Who Are the Uyghurs?
Uyghurs (alternatively spelled Uighurs, Uygurs, etc.) are ethnically and culturally a Turkic people living in the areas of Central Asia commonly known as East Turkistan. The area is vast, constituting one-sixth of the total land area under the control of the People’s Republic of China. The Uyghurs have a rich cultural history going back almost 4,000 years. Before embracing Islam in tenth century, Uyghurs believed in Buddhism, Manichaeism and Nestorian Christianity. Today, Uyghurs practice a moderate form of Sufi Islam and lead predominantly secular lives.
East Turkistan has a rich and distinctive history, enhanced by its position along the Silk Road bridging mainland China and the ancient Arabic, Persian and European cultures to the west. Since 1949, East Turkistan has become a nuclear testing ground for the Chinese military, it is home to large numbers of Chinese military and paramilitary units, and it is the site of numerous forced labor camps administered by the Chinese authorities.
The population of approximately 23 million includes several Turkic-speaking Muslim ethnic groups, of which the Uyghurs, numbering more than 11 million, are the largest. As a result of Chinese government policies, the percentage of ethnic Chinese in East Turkistan has grown from four percent in 1949 to more than 40 percent at present, constituting some 8 million people.

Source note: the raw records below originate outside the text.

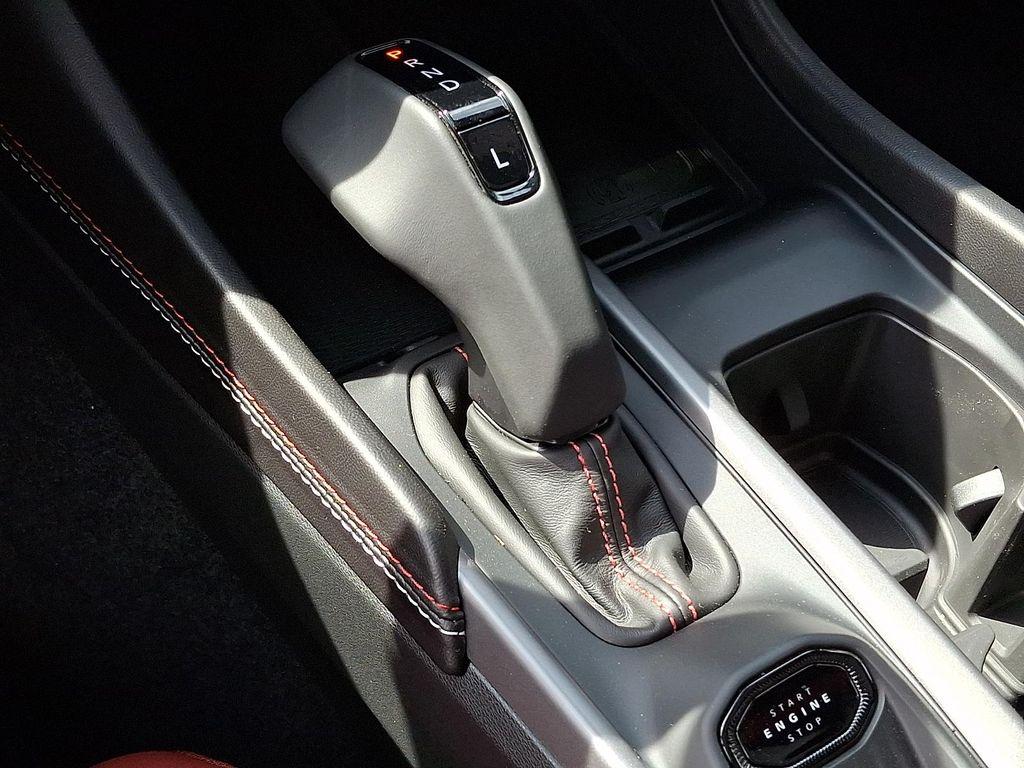 new 2026 Dodge Charger car, priced at $62,541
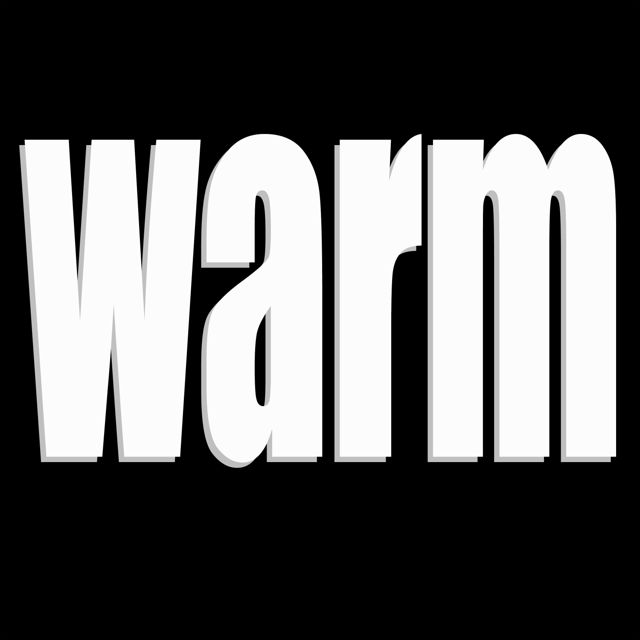 Dj Diamond Cuttz - 'Warm' [Ringtone]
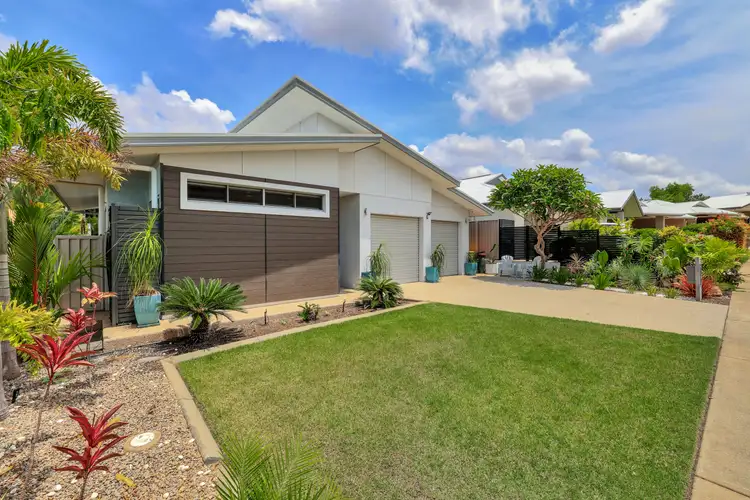 Third view of Homely house listing, 3 Rayney Street, Durack NT 830
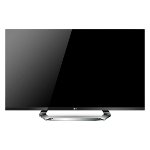 Fernseher Datenblatt LG 42LM760S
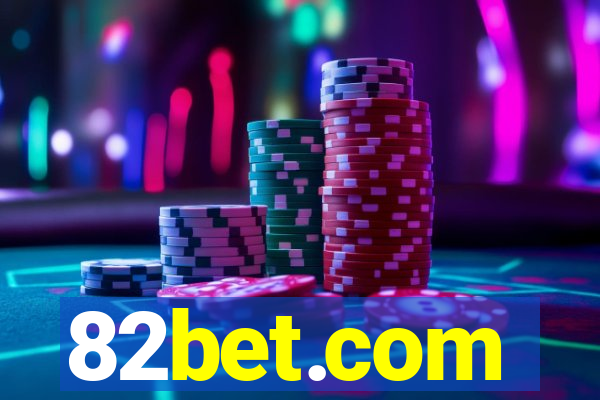 82bet.com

Much like Tibetans, Uyghurs in East Turkistan have struggled for cultural survival in the face of a government-supported influx of Chinese migrants, as well as harsh repression of political dissent and any expression, of their distinct identity, however lawful or peaceful.

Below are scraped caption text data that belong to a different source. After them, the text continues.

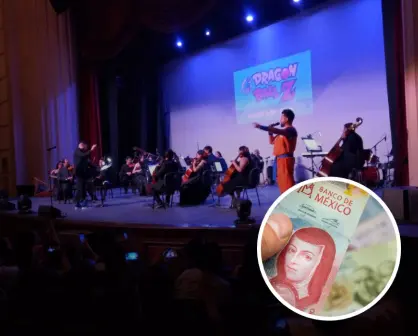 Cuánto cuestan los boletos para Dragon Ball Z, en concierto, en Durango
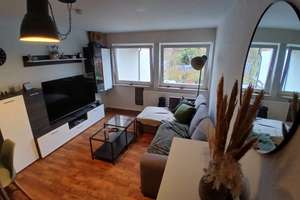  Zentrale 2-Zimmer-Wohnung mit großem Garten und Terrasse in ruhiger Lage – Die vollständige Adresse der Immobilie erhältst du vom Anbieter., 41236 Heyden, Mönchengladbach – Vorschaubild 13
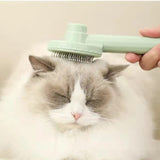 SLIKER Removedor de Pelo para Gatos e Cachorros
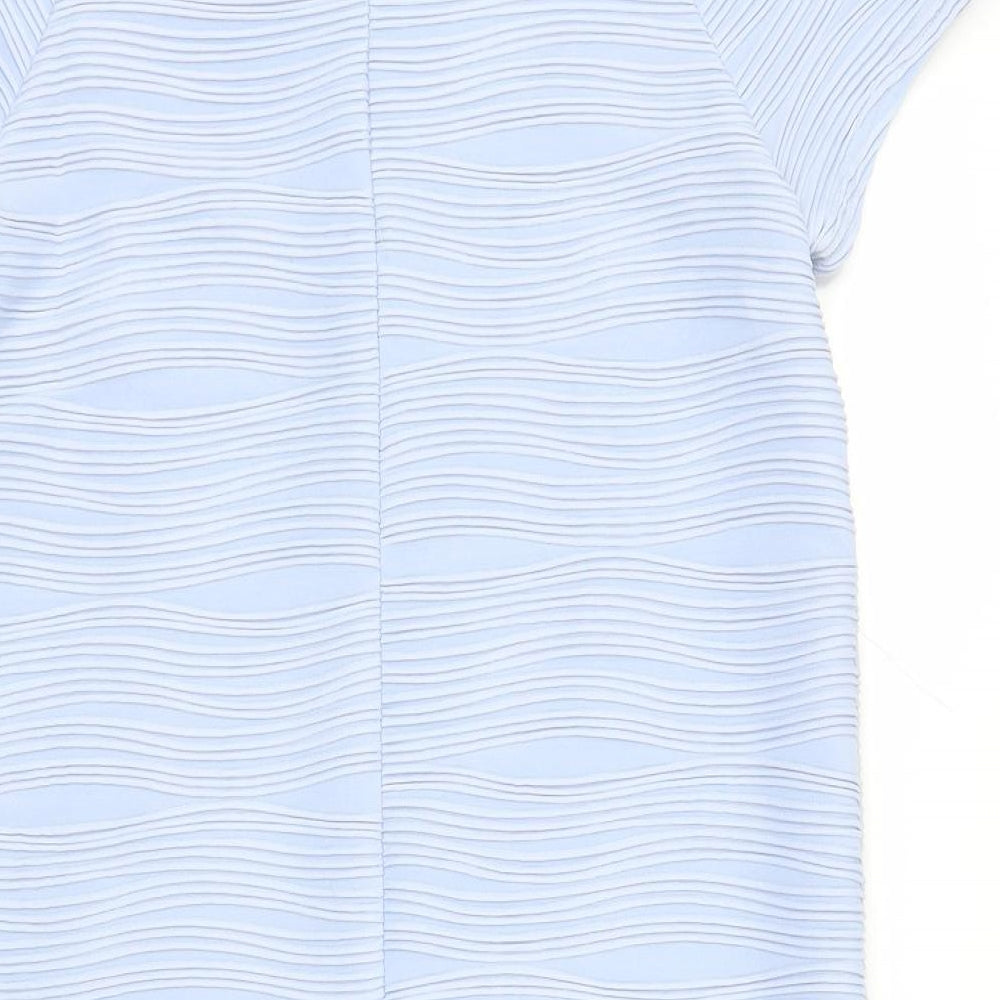 Primark Womens Blue Shift Size 10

Reports from East Turkistan document a pattern of abuse including political imprisonment, torture, and disappearances. With only a few extremely rare exceptions, Uyghurs continue to be the only population in China consistently subjected to executions for political and religious offenses. Mosques are summarily closed and the Uyghur language is banned from use in schools. Uyghurs are subjected to compulsory unpaid labor on infrastructures, such as oil or gas lines to transfer East Turkistan’s resources to mainland China.